Publié le 15 janvier 2024 à 8:18
MPP/Starface
Ce dimanche 14 janvier, Patrick Hernandez a pris la parole pour évoquer l'incendie qui a touché son domicile, situé dans le Vaucluse. L'interprète de "Born to be alive" a donné des détails sur l'incident, en saluant notamment le travail des pompiers.

Plus de peur que de mal pour Patrick Hernandez.
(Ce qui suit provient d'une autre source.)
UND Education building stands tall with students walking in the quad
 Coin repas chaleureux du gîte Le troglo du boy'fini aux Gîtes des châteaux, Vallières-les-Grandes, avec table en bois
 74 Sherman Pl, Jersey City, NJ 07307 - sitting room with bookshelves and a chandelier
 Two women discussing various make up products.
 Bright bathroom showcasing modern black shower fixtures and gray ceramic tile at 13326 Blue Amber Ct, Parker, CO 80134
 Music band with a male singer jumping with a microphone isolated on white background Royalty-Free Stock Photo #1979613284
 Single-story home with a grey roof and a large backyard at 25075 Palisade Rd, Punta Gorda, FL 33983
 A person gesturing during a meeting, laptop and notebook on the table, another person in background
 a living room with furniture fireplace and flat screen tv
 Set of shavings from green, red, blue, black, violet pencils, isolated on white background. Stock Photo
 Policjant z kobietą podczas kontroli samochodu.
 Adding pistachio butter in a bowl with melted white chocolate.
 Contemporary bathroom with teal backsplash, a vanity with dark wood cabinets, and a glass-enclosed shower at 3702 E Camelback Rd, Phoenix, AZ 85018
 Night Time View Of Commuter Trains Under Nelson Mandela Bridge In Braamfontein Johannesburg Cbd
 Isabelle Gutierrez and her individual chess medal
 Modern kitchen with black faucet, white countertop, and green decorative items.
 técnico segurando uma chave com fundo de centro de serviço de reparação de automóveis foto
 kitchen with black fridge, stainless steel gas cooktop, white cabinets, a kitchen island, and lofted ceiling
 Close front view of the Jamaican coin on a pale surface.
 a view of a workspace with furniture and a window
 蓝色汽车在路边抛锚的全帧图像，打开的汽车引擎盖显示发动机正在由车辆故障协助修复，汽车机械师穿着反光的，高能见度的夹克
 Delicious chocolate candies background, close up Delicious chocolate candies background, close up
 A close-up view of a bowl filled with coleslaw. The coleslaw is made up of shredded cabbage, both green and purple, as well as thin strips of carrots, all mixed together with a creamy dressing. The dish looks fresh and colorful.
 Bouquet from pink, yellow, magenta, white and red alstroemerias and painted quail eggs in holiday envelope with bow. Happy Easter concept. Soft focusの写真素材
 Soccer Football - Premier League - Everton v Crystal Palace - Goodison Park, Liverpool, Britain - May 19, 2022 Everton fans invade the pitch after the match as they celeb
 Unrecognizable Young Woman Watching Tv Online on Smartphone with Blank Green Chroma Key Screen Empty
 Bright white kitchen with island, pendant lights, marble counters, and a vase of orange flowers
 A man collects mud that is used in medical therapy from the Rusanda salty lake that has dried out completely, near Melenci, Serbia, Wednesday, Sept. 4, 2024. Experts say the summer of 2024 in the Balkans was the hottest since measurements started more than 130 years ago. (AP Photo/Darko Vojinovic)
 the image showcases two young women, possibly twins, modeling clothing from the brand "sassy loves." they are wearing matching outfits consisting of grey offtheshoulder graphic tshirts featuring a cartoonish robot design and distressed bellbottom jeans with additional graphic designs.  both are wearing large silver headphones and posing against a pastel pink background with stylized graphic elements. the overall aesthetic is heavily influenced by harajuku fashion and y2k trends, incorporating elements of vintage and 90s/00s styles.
Ce dimanche 14 janvier, l’interprète du tube Born to be alive, sorti en 1978,  a pris la parole sur Instagram pour évoquer la grosse mésaventure qu’il a vécu. Alors qu’il était à son domicile, situé à Fontaine-de-Vaucluse, le chanteur a dû faire face à un incendie.

 

"Pompiers, policiers et Enedis sont venus cette nuit à mon secours… Mon compteur Linky a flambé et la fumée incroyable dans un petit local m’a foutu une frousse du diable. Donc depuis plus d’électricité … et donc pas de cawa ce matin ", commence-t-il. Si le pire a été évité, Patrick Hernandez s’est tout de même retrouvé dans une situation problématique. "J’attends avec impatience les réparateurs d’Enedis ce matin car sans eux plus rien ne fonctionne sauf … la cheminée", a-t-il ajouté. L’artiste de 74 ans également tenu à saluer le travail des ceux qui sont intervenus pour mettre fin à l’incident. "Énorme merci aux pompiers, policiers de L’isle sur la Sorgue et à Enedis pour leur rapidité d’action et leur gentillesse. Une solution d’attente a été trouvée pour me permettre de retrouver l’électricité. Je viens de me faire mon premier cawa du jour à 14h30", a-t-il par la suite posté.

En juin dernier, Patrick Hernandez révélait que le titre Born to be alive lui rapportait "entre 800 et 1 500 euros par jour". "J’ai toutes les casquettes sur cette chanson-là, et donc sur une chanson dont le succès est planétaire, qu’est-ce que tu veux ? Ça rapporte un petit peu de sous quand même, forcément. Bien évidemment, il ne te reste pas ça dans ta poche à la fin de chaque jour ou de chaque mois", avait-il confié sur le plateau de TPMP People.